### ACTION ITEM:
Your task is to transcribe the entries exactly.
==== DATA FOR ANALYSIS
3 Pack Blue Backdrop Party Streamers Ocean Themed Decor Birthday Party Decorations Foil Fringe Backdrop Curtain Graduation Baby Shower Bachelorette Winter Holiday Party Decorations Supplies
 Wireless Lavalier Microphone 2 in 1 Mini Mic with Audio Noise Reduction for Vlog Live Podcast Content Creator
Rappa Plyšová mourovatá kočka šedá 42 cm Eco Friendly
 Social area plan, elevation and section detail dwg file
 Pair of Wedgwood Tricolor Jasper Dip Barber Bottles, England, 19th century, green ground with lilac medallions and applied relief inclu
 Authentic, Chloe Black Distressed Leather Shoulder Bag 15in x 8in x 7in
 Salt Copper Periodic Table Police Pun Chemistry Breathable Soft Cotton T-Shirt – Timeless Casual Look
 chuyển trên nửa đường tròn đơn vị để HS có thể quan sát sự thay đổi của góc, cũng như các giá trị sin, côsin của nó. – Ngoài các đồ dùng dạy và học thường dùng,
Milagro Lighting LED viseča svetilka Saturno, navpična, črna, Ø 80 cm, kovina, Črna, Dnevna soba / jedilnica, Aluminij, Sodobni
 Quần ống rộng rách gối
========
### ANSWER AREA:
3 Pack Blue Backdrop Party Streamers Ocean Themed Decor Birthday Party Decorations Foil Fringe Backdrop Curtain Graduation Baby Shower Bachelorette Winter Holiday Party Decorations Supplies
 Wireless Lavalier Microphone 2 in 1 Mini Mic with Audio Noise Reduction for Vlog Live Podcast Content Creator
Rappa Plyšová mourovatá kočka šedá 42 cm Eco Friendly
 Social area plan, elevation and section detail dwg file
 Pair of Wedgwood Tricolor Jasper Dip Barber Bottles, England, 19th century, green ground with lilac medallions and applied relief inclu
 Authentic, Chloe Black Distressed Leather Shoulder Bag 15in x 8in x 7in
 Salt Copper Periodic Table Police Pun Chemistry Breathable Soft Cotton T-Shirt – Timeless Casual Look
 chuyển trên nửa đường tròn đơn vị để HS có thể quan sát sự thay đổi của góc, cũng như các giá trị sin, côsin của nó. – Ngoài các đồ dùng dạy và học thường dùng,
Milagro Lighting LED viseča svetilka Saturno, navpična, črna, Ø 80 cm, kovina, Črna, Dnevna soba / jedilnica, Aluminij, Sodobni
 Quần ống rộng rách gối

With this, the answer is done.